%%

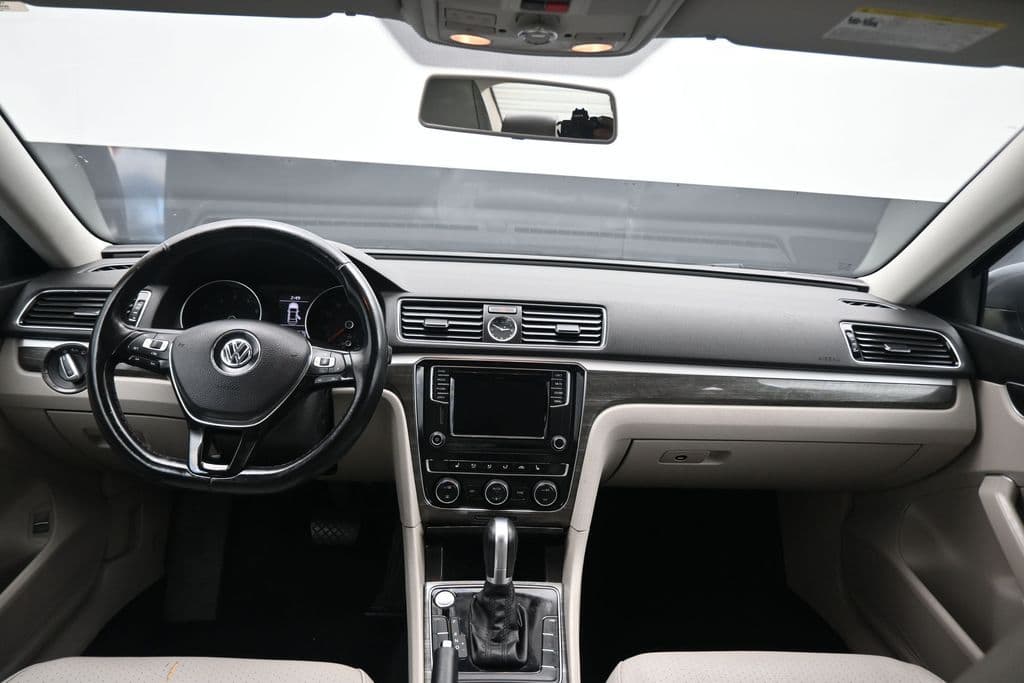 2017 Volkswagen Passat 1.8T SE, photo 38 of 56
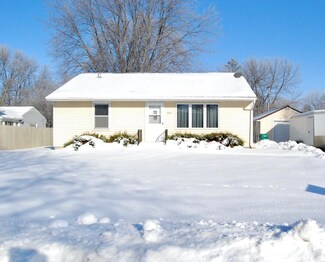 661 7th St SW, Wells, MN 56097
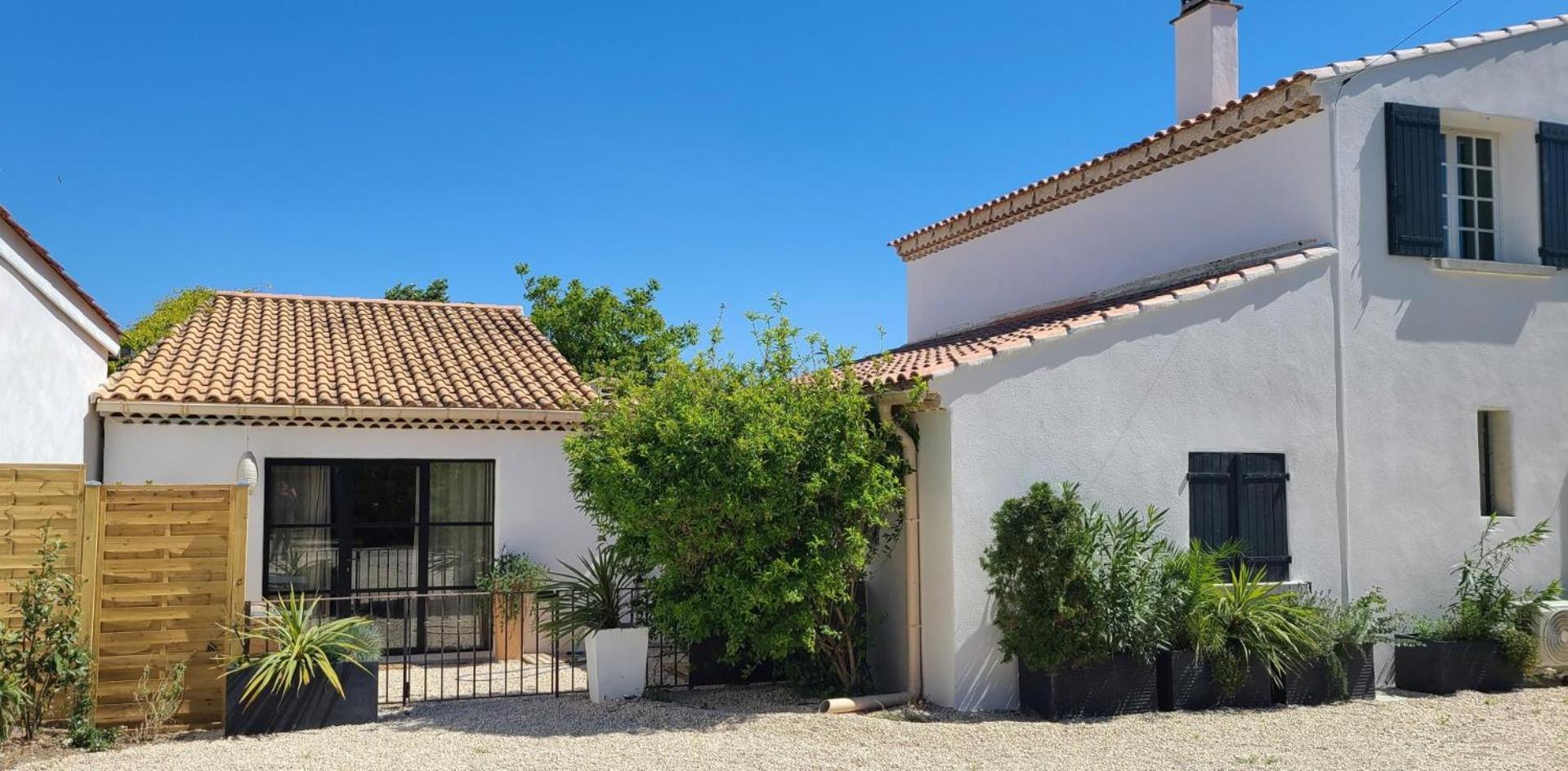 Studio avec patio et jacuzzi privatifs Mazan Extérieur photo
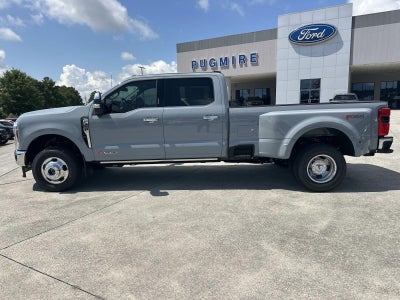 2026 Ford Super Duty F-350 DRW LARIAT 4WD CREW CAB 8' BO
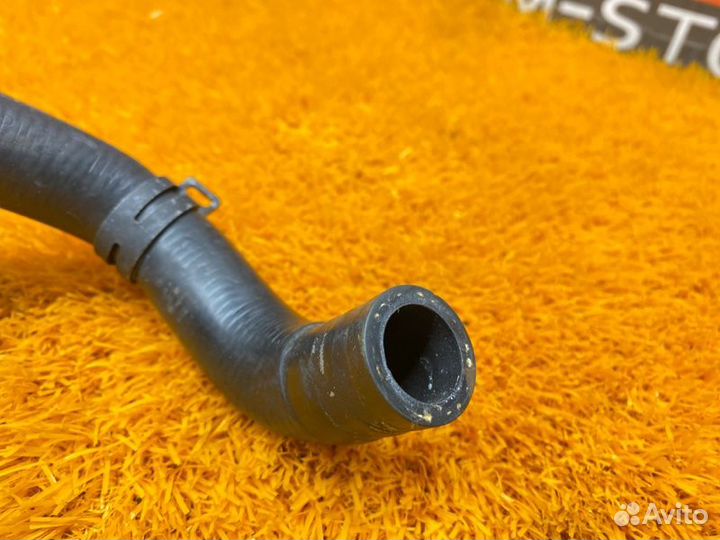 Патрубок отопителя Mercedes-Benz C-Class W204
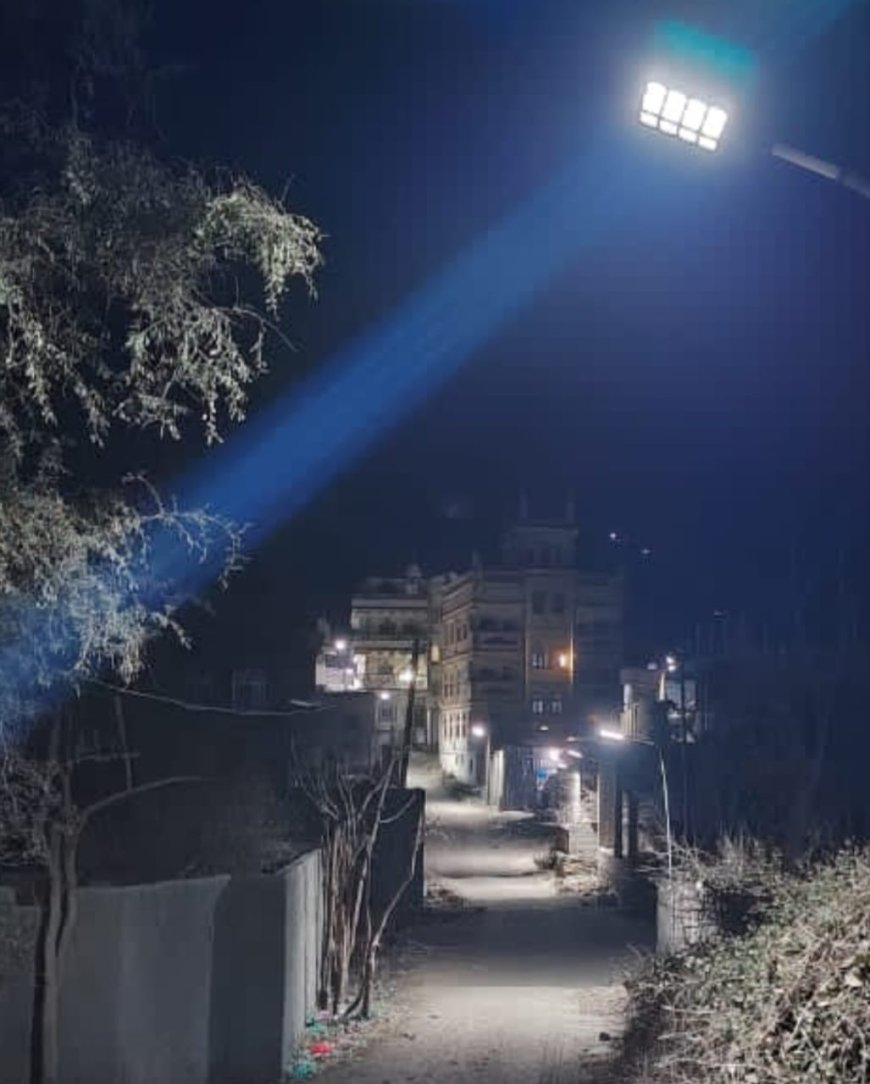 بدعم من رجل الأعمال محمد الجردمي.. إنارة طرقات قرن الضباب في منطقة رخمة بيافع رصد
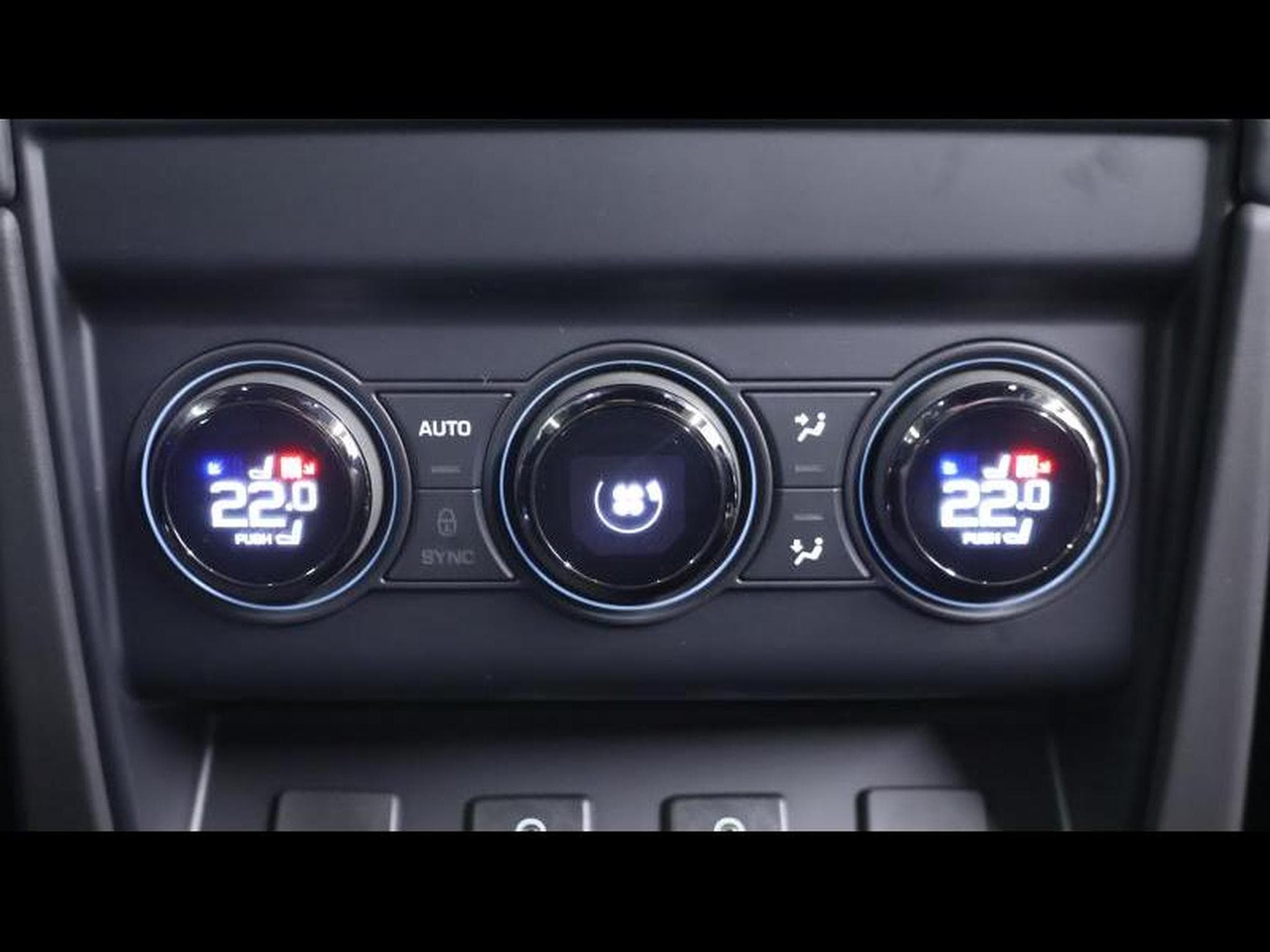 Land-Rover Defender 110 P635 OCTA AWD Auto 26 (2026) - Photo 25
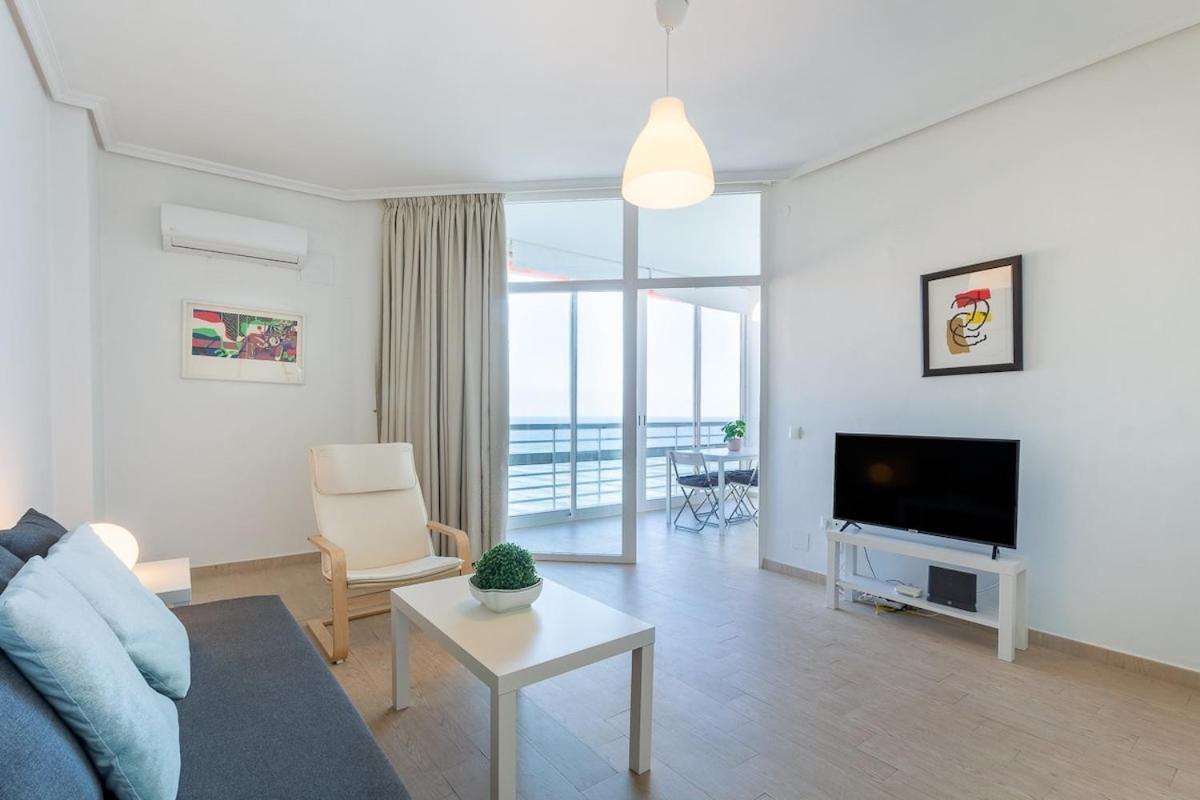 Apartamento ¡magníficas Vistas Al Mar! Piscina Y Wifi Gratis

%%

- [PROBLEM REQUIREMENTS] Each entry above should be printed exactly, and any picture in it left out.

- [ANSWER SECTION]
 2017 Volkswagen Passat 1.8T SE, photo 38 of 56
 661 7th St SW, Wells, MN 56097
 Studio avec patio et jacuzzi privatifs Mazan Extérieur photo
 2026 Ford Super Duty F-350 DRW LARIAT 4WD CREW CAB 8' BO
 Патрубок отопителя Mercedes-Benz C-Class W204
 بدعم من رجل الأعمال محمد الجردمي.. إنارة طرقات قرن الضباب في منطقة رخمة بيافع رصد
 Land-Rover Defender 110 P635 OCTA AWD Auto 26 (2026) - Photo 25
 Apartamento ¡magníficas Vistas Al Mar! Piscina Y Wifi Gratis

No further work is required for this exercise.